ENRICHING THE TEPHROSTRATIGRAPHIC RECORD OF THE PACIFIC NORTHWEST WITH U-Pb ZIRCON GEOCHRONOLOGY AND PRINCIPLE COMPONENT ANALYSIS

Tephrostratigraphy (volcanic glass correlation) is a chronologic cornerstone in paleontology and paleoclimatology studies in the Pacific Northwest. This is highlighted in studies regarding the Mid-Miocene Climatic Optimum (MMCO), which marks the last time that atmospheric CO₂ concentrations were as high as modern levels, correlating to a peak of significant warming during an otherwise cooling trend through the Cenozoic. The utility of tephrostratigraphy is constrained by the ability to make quantitative correlations between tephras and by the density, accuracy, and precision of geochronologic anchor horizons. While bivariate diagrams can be useful in correlating/distinguishing between samples, they often fail to capture the full chemical signature of a sample, and as such faulty correlations can be made. Principle component analysis by singular value decomposition (SVD-PCA) is a dimensionality reduction technique which has shown to be useful in testing correlation hypotheses based on chemical compositions. Additionally, direct radioisotopic dates testing of the correlation distal tephras are sparse.

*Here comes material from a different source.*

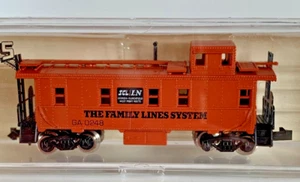 Atlas N Caboose Family Lines System N Scale Orange Caboose 3579 - Picture 1 of 3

We present new U-Pb zircon geochronology for several key Pacific NW locales across the MMCO, including the Sucker Creek Formation along the Oregon-Idaho border (15.77 to 14.81 ± 0.01 Ma) the Mascall Formation of central Oregon (16.13 Ma to 13.56 ± 0.02 Ma), and the Bully Creek Formation of eastern Oregon (15.69 to 15.45 ). This new geochronology extends the stratigraphic ranges of these basin sequences, opening up new possibilities for correlation. Additionally, we reexamine previously correlated tephras in the light of this new geochronology and with SVD-PCA using a wider suite of trace, minor, and major elements, such as those correlated to the regional Bully Creek Tuff, the Dinner Creek Tuff, the Mascall Tuff, and others. SVD-PCA analyses of several tephras exhibit a wider range of chemical compositions than previously interpreted, suggesting that chemical zoning within eruptions can complicate tephrostratigraphic correlations. We will document how the integration of high-precision U-Pb zircon geochronology and SVD-PCA geochemical correlation of tephras enriches the Mid-Miocene tephrostratigraphy of the Pacific Northwest.